What's the difference between a good flight attendant and a really good flight attendant?

A good flight attendant meets the captain at the airplane and says "Good morning captain"

A really good flight attendant rolls over and says "Hey Captain, it's morning"
 
Santa and the FAA

It's December 24 and Santa is making the final preparations for his big night. Just as he is about to strap in, a man in a polyester suit and a bad tie walks up to the sleigh.

"Santa, I'm with the FAA, and it has come to my attention that you are due for your PC," says the FAA guy.

"What?", says Santa. "It's December 24th! I've got a whole planet to deliver presents to and I'm already behind schedule! Not to mention that the weather is down across North America!"

"Sorry Santa, we do this tonight or I WILL violate you," says the FAA.

Santa reluctantly agrees and goes inside with the FAA guy. He is given a 3 hour oral, made to do a weight and balance for the sleigh, and is quizzed on many different FARs.

Finally, it's time for the flight portion of the checkride. As Santa and the examiner are strapping in, Santa sees the FAA guy pulling out a 12 guage shotgun.

"And just what do you think you're going to do with that?" asks Santa.

"Santa," says the FAA guy, "this here is a checkride, and there's a real good chance you're gonna lose one around V-1."
 
This one was taken from Huumor.com:

One day at a busy airport, the passengers on a commercial airliner are seated, waiting for the cockpit crew to show up so they can get under way.
The pilot and co-pilot finally appear in the rear of the plane, and begin walking up to the cockpit through the center aisle. Both appear to be blind. The pilot is using a white cane, bumping into passengers right and left as he stumbles down the aisle, and the co-pilot is using a guide dog. Both have their eyes covered with huge sunglasses. At first the passengers do not react; thinking that it must be some sort of practical joke. However, after a few minutes the engines start spooling up and the airplane starts moving down the runway.

The passengers look at each other with some uneasiness, whispering among themselves and looking desperately to the flight attendants for reassurance. Then the airplane starts accelerating rapidly and people begin panicking. Some passengers are praying, and as the plane gets closer and closer to the end of the runway, the voices are becoming more and more hysterical. Finally, when the airplane has less than 20 feet of runway left, there is a sudden change in the pitch of the shouts as everyone screams at once, and at the very last moment the airplane lifts off and is airborne.

Up in the cockpit, the co-pilot breathes a sigh of relief and turns to the Captain: "You know, one of these days the passengers aren't going to scream, and we're gonna get killed!"
 
This priest goes to the barber to get a hair cut. After the barber is finished the priest says "how much do I owe you?" The barber says, "nothing, you do the lords work so it's on the house". The next day the barber comes to work and finds a dozen bibles on his front door step.

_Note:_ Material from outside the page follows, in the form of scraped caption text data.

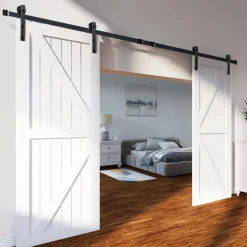 VEVOR 8FT Sliding Barn Door Hardware Kit, 330LBS Heavy Duty Barn Door Track Kit for Double Doors, Fit 3.7-4.3FT Total Wide and 1.3
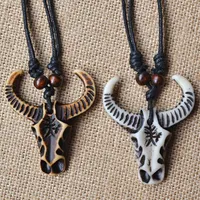 Collares colgantes de yak amuesón de hueso de la vaca buey buey skull de cuero collar accesorios de joyería ajustable2778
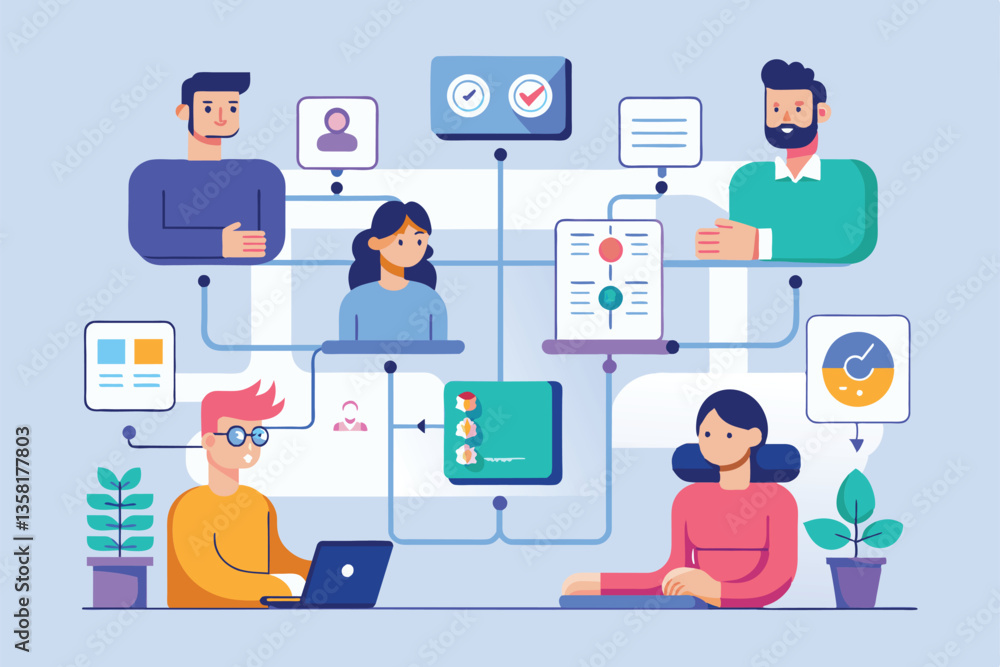 Poster a vibrant semi-flat illustration depicting a team engaging with customizable user flow elements and 
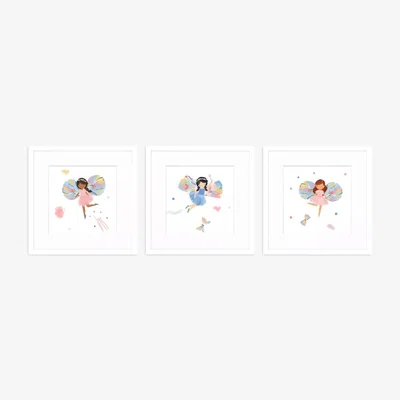 John Lewis little home at John Lewis Confetti Fairy Print Wall Art Gallery Set, Set of 3, 30 x 30cm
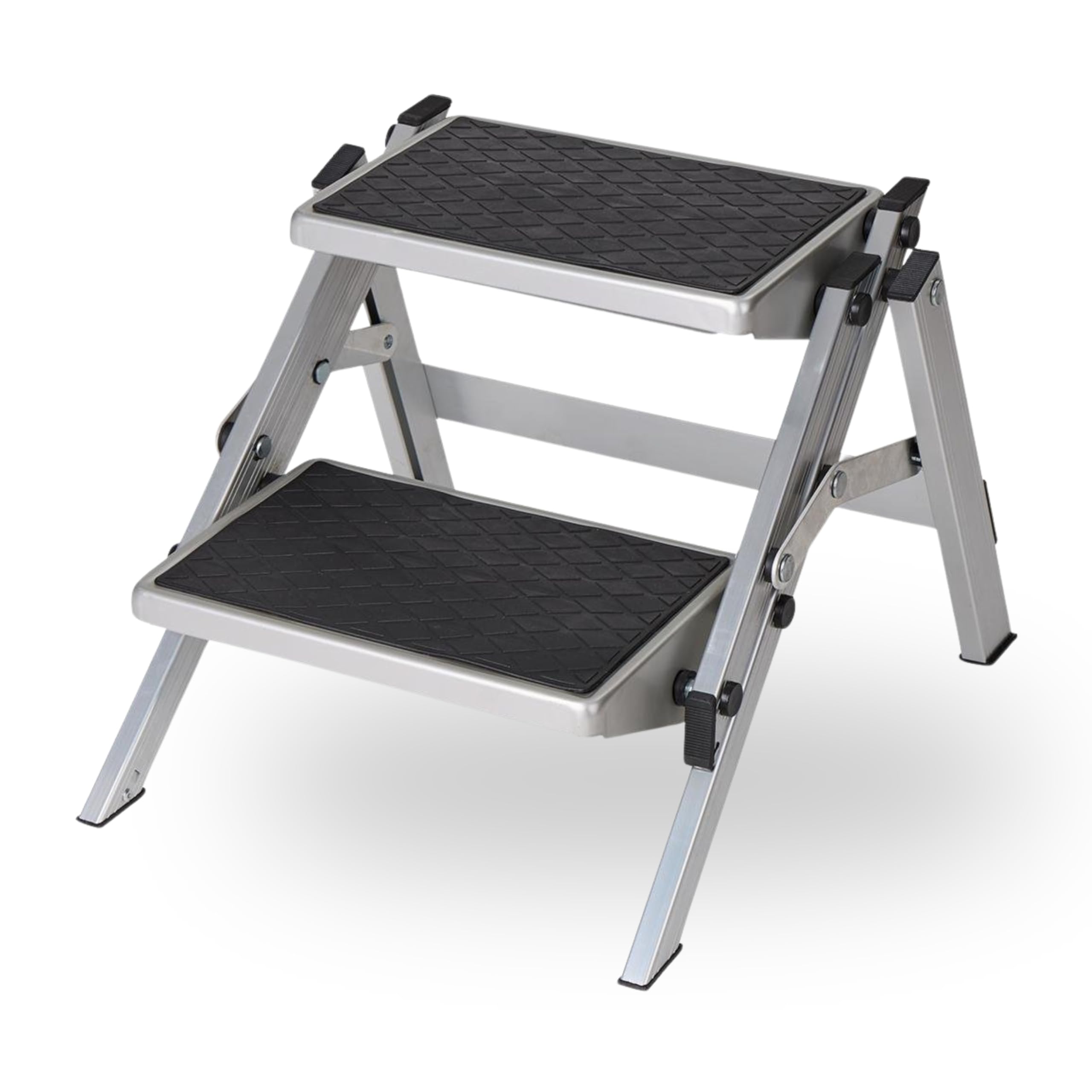 BERGER Trittleiter 2 Stufen klappbar | zusammenklappbar mit Rutschfester Gummimatte | Trittstufe Wohnwagen Tritt 2 Stufen | Tritthocker bis 150 kg belastbar (Aluminium)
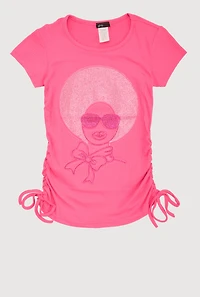 Girls 3D Rhinestone Graphic Short Sleeve Tee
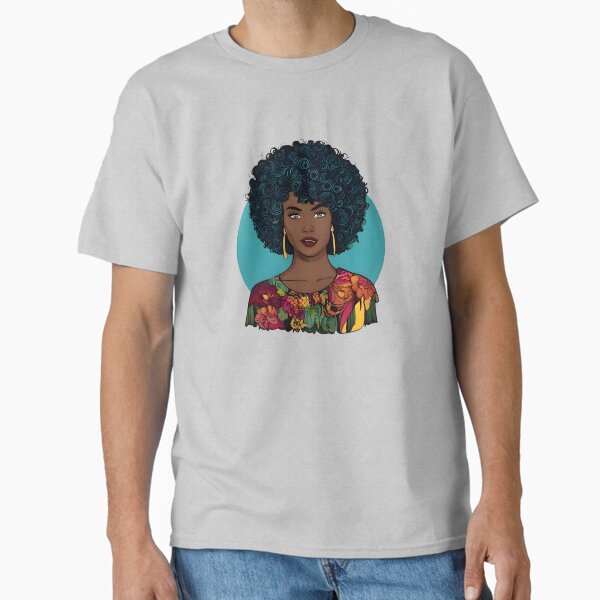 Item preview, Vibrant Afro Floral Portrait designed and sold by Inktypolis.
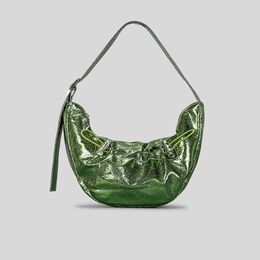 Waist Bags Fashion Metallic Half Moon Women Shoulder Designer Drawsting Lady Handbags Vintage Hobos Small Tote Female Purses 2023 Bag 230511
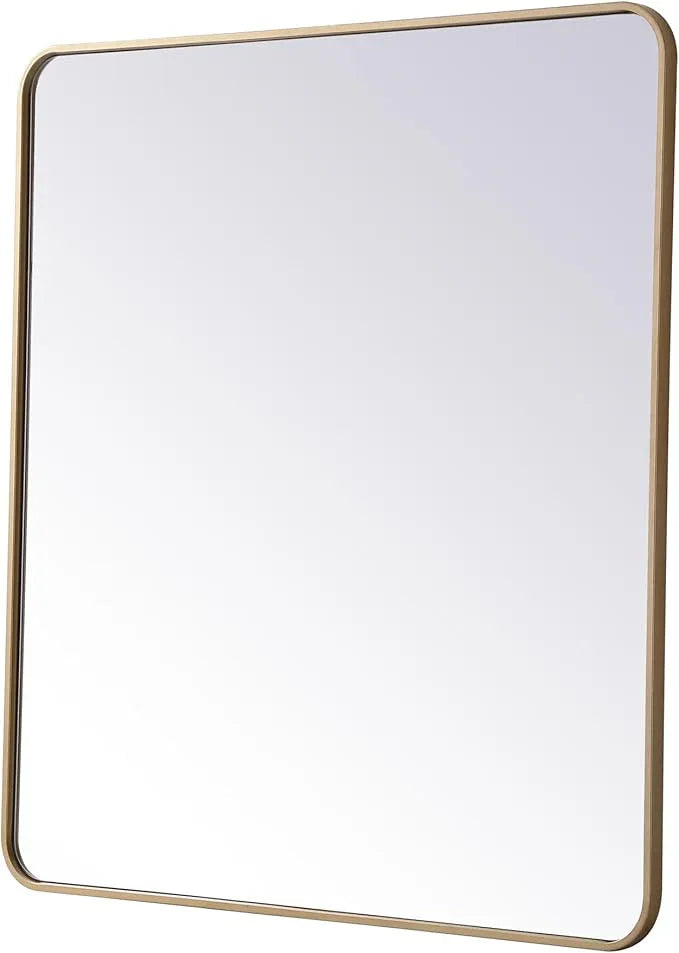 ARS Concepts Aura, Soft Corner Metal Rectangular Mirror 36X40 Inch in, Modern, Brass - ModernBath
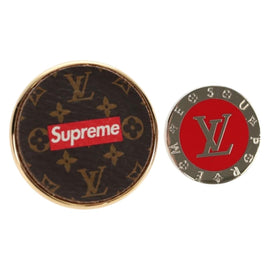 LOUIS VUITTON Monogram LVxSupreme Brooch Pin 2 Set Red LV Auth 128511SA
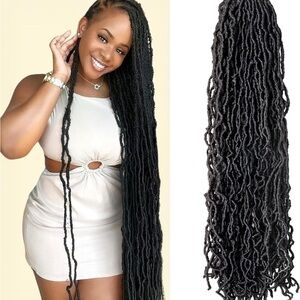 36 inch 6 Packs Faux Locs Crochet Braids Hair-New Curly Braiding Hair Extended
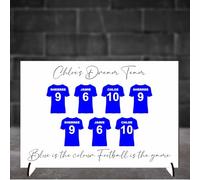 Personalised Football Plaque for Dads - Family Dream Team Football is the Game Design for Father’s Day or Birthdays Daddy's No.1 Team (MDF Wood - A4-30cm x 21cm, 7 Shirts)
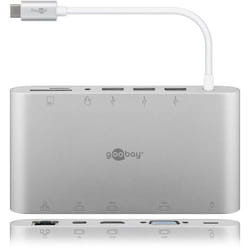 Goobay 62113 station d'accueil Avec fil USB 3.2 Gen 1 (3.1 Gen 1) Type-C Argent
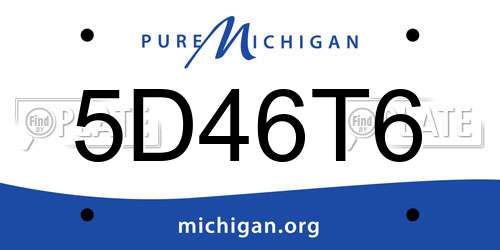 5D46T6 Michigan License Plate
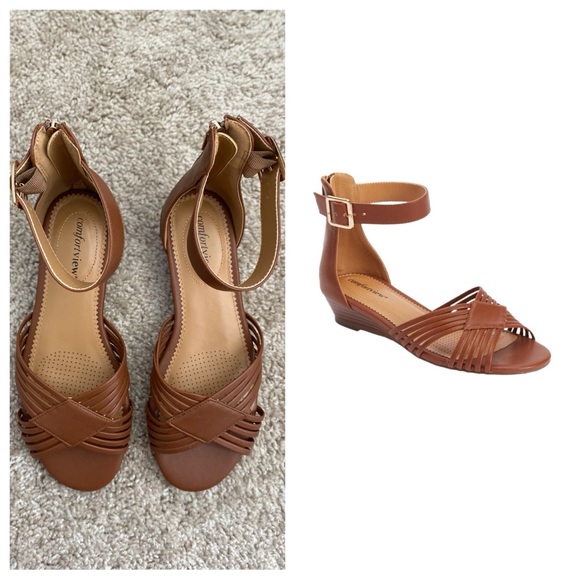 Comfort view women’s Sz 7M Gretchen Brown strap comfort Sandals new without box - Picture 1 of 7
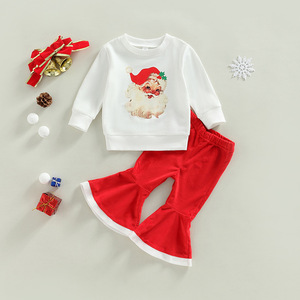 Good Price New Product Autumn and Winter Santa Claus Printed Long Sleeve Bell-bottoms <strong>Kurti</strong> for <strong>Baby</strong> Girl Set - Product Image 3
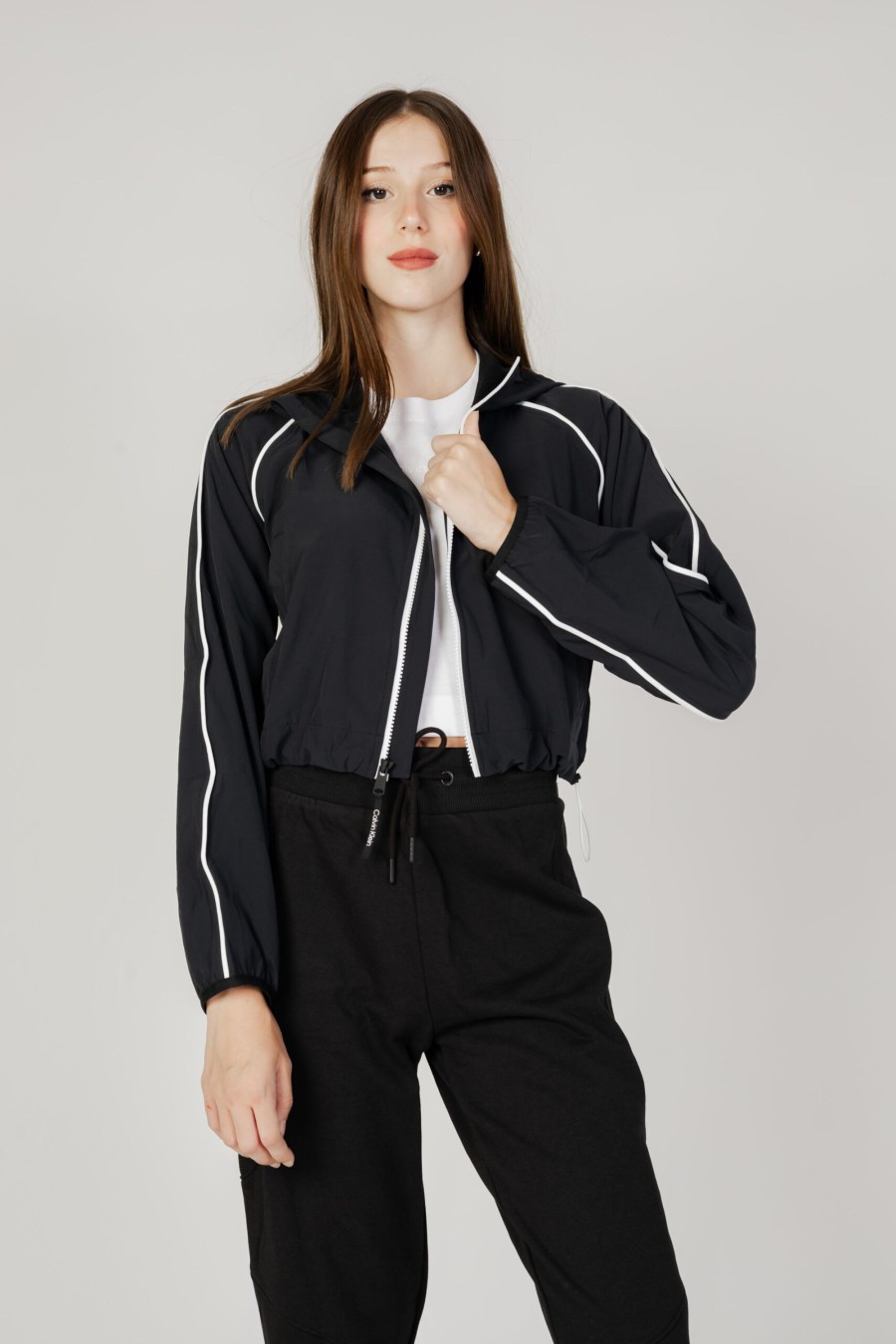 Donna Calvin Klein Sport | Felpa Con Cappuccio Calvin Klein Sport Pw - Windjacket Nero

Later that day a police officer comes in for a hair cut. When the barber is finished the police officer say's "how much do I owe you?" The barber says "nothing, you risk your life for the people so we can all be safe. It's on the house." The next day when the barber shows up for work there are a dozen donuts on his front door step.

Later that day an airline pilot comes in to get a hair cut. When the barber is finished the pilot says "how much do I owe you?" The barber say, "nothing, you provide a great service to people with safe quality transportation, this one is on the house". The next morning the barber shows up for work and there are a dozen more pilots wanting a free hair cut!